Wednesday Feb 20, 2008
When we build large clusters, such as high performance clusters or any cluster with a large number of computing nodes, we begin to look in detail at the repair models for the system. You are probably aware of the need to study power usage, air conditioning, weight, system management, networking, and cost for such systems. So you are also aware of how multiplying the environmental needs of one computing node times the number of nodes can become a large number. This can be very intuitive for most folks. But availability isn't quite so intuitive. Deferred repair models can also affect the intuition of the design. So, I thought that a picture would help show how we analyze the RAS characteristics of such systems and why we always look to deferred repair models in their design.
To begin, we have to make some assumptions:
- The availability of the whole is not interesting. The service provided by a big cluster is not dependent on all parts being functional. Rather, we look at it like a swarm of bees. Each bee can be busy, and the whole swarm can contribute towards making honey, but the loss of a few bees (perhaps due to a hungry bee eater) doesn't cause the whole honey producing process to stop. Sure, there may be some components of the system which are more critical than others, like the queen bee, but work can still proceed forward even if some of these systems are temporarily unavailable (the swarm will create new queens, as needed). This is a very different view than looking at the availability of a file service, for example.

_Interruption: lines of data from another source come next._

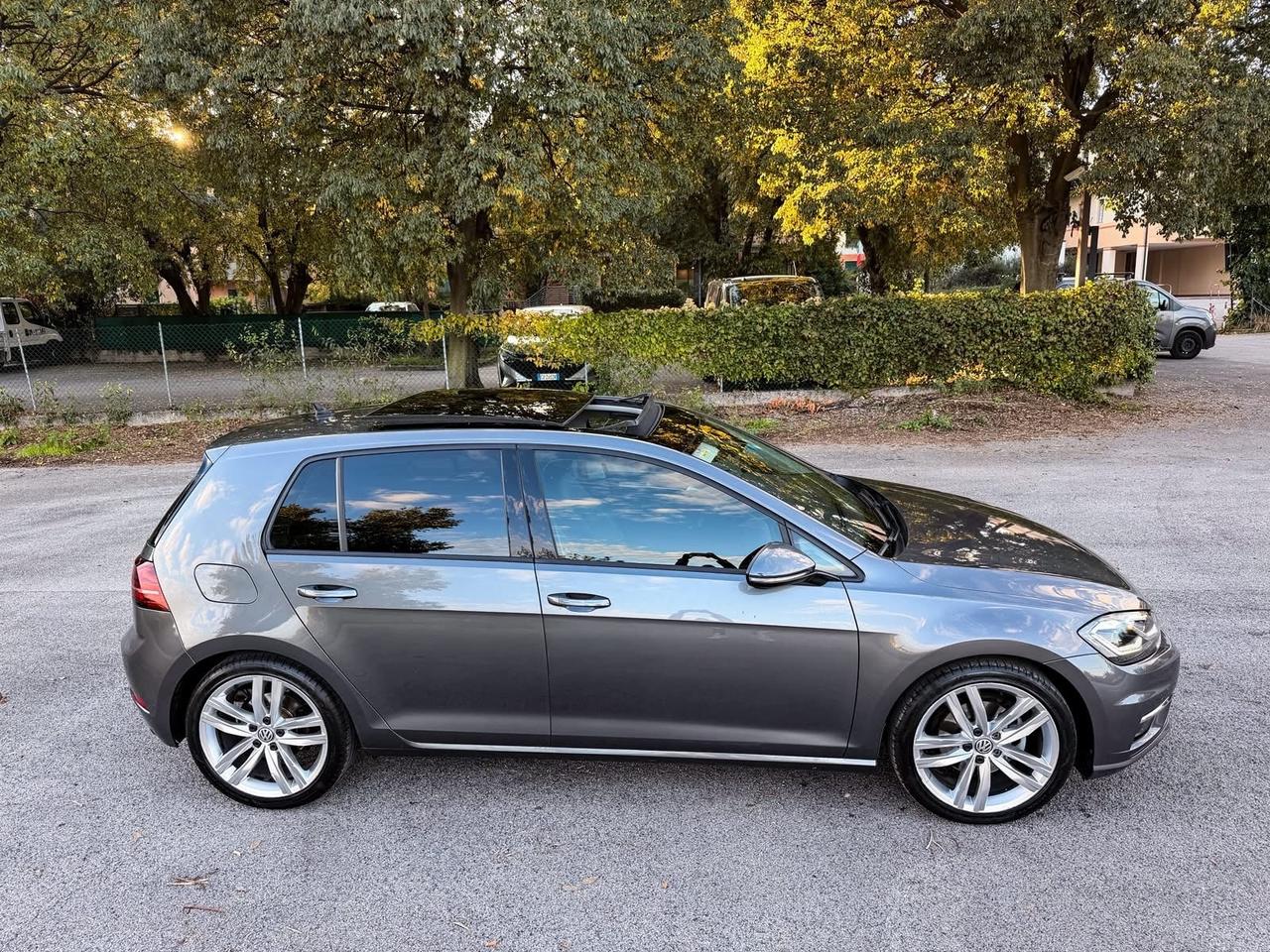 Volkswagen Golf 7.5 sport edition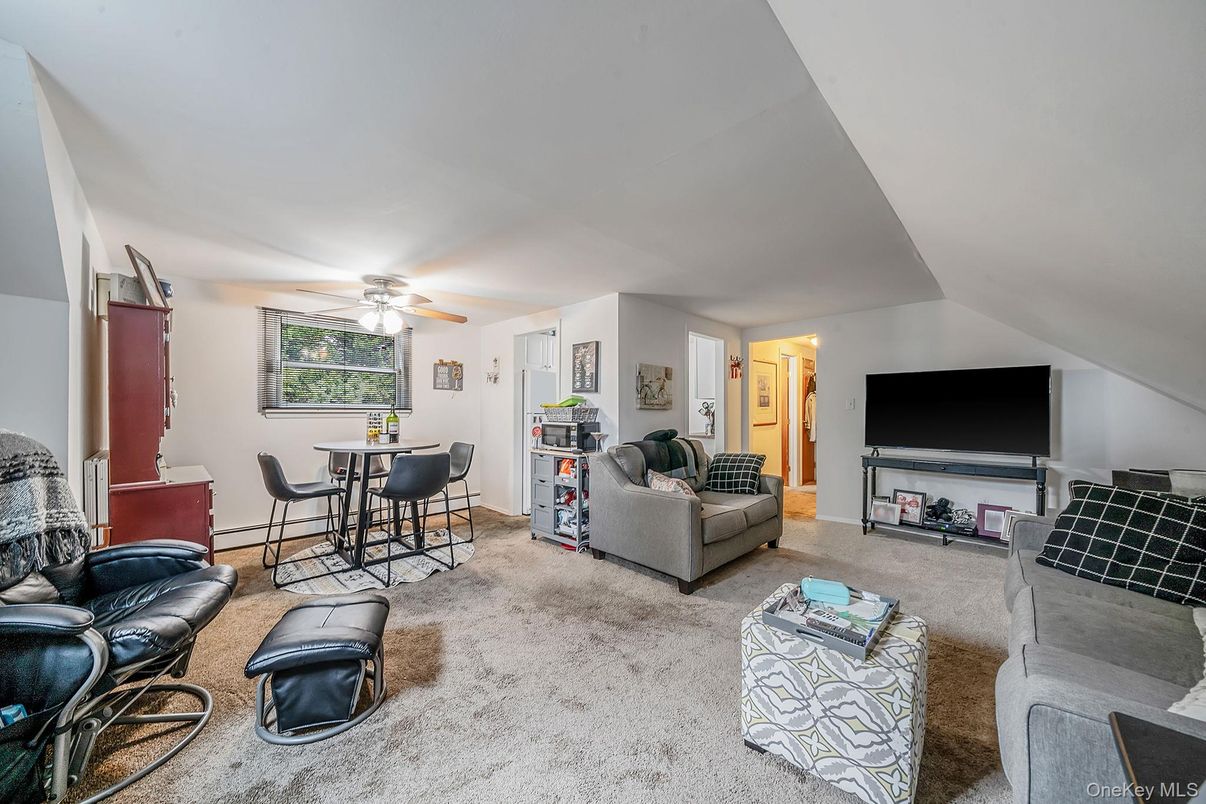 Dining room, Interior, Living room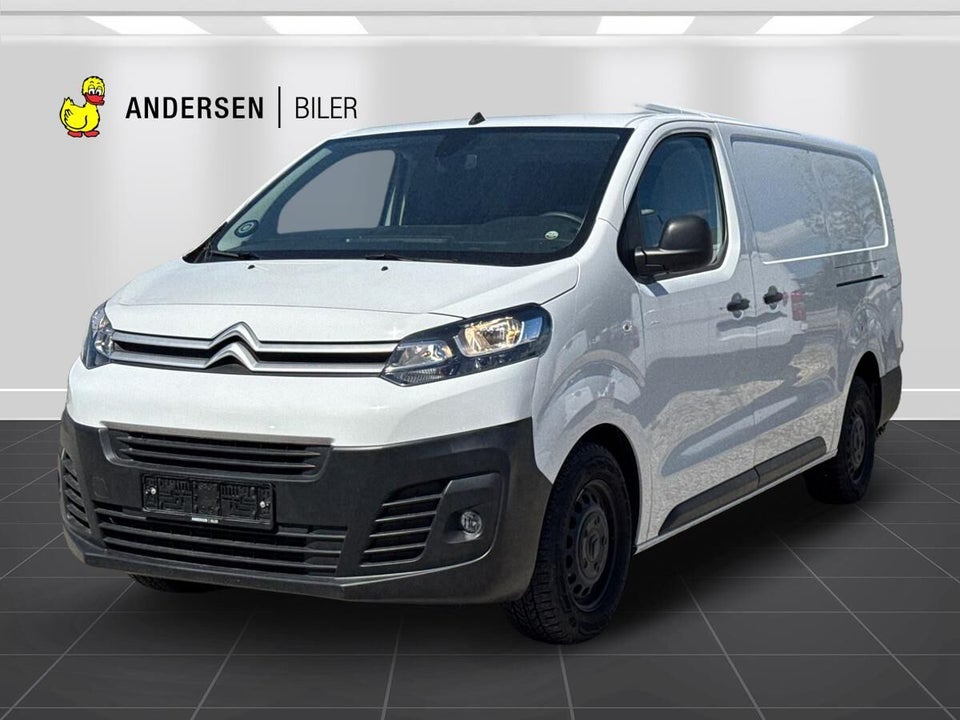 Citroën Jumpy 2,0 BlueHDi 145 L3 BaseLine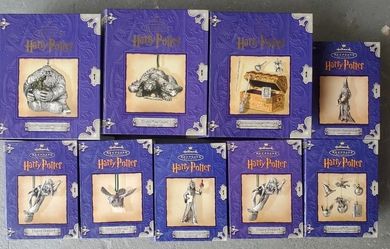 Harry Potter Keepsake Ornament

- The performability will might be interesting. How many dead bees can we have before the honey production falls below our desired level? But for very, very large clusters, the performability will be generally good, so a traditional performability analysis is also not very interesting. It is more likely that a performability analysis of the critical components, such as networking and storage, will be interesting. But the performability of thousands of compute nodes will be less interesting.
- Common root cause failures are not considered. If a node fails, the root cause of the failure is not common to other nodes. A good example of a common root cause failure is loss of power -- if we lose power to the cluster, all nodes will fail. Another example is software -- a software bug which causes the nodes to crash may be common to all nodes.
- What we will model is a collection of independent nodes, each with their own, independent failure causes. Or just think about bees.
For a large number of compute nodes, even using modern, reliable designs, we know that the probability of all nodes being up at the same time is quite small. This is obvious if we look at the simple availability equation:
Availability = MTBF / (MTBF + MTTR)
where, MTBF (mean time between failure) is MTBF[compute node]/N[nodes]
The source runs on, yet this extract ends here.